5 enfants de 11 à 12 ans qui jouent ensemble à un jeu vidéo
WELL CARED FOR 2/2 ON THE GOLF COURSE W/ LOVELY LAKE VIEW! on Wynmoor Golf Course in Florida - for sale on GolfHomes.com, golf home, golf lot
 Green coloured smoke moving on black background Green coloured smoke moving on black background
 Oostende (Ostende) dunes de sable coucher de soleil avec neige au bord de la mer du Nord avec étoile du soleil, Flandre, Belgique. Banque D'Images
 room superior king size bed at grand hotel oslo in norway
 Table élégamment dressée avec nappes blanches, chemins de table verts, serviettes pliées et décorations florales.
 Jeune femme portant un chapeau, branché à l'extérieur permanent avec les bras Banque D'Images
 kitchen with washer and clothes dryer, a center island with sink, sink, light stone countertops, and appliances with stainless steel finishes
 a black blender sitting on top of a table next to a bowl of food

#####

## Problem statement
Your job is to print all of the material again, word for word.

## Exercise output
5 enfants de 11 à 12 ans qui jouent ensemble à un jeu vidéo
WELL CARED FOR 2/2 ON THE GOLF COURSE W/ LOVELY LAKE VIEW! on Wynmoor Golf Course in Florida - for sale on GolfHomes.com, golf home, golf lot
 Green coloured smoke moving on black background Green coloured smoke moving on black background
 Oostende (Ostende) dunes de sable coucher de soleil avec neige au bord de la mer du Nord avec étoile du soleil, Flandre, Belgique. Banque D'Images
 room superior king size bed at grand hotel oslo in norway
 Table élégamment dressée avec nappes blanches, chemins de table verts, serviettes pliées et décorations florales.
 Jeune femme portant un chapeau, branché à l'extérieur permanent avec les bras Banque D'Images
 kitchen with washer and clothes dryer, a center island with sink, sink, light stone countertops, and appliances with stainless steel finishes
 a black blender sitting on top of a table next to a bowl of food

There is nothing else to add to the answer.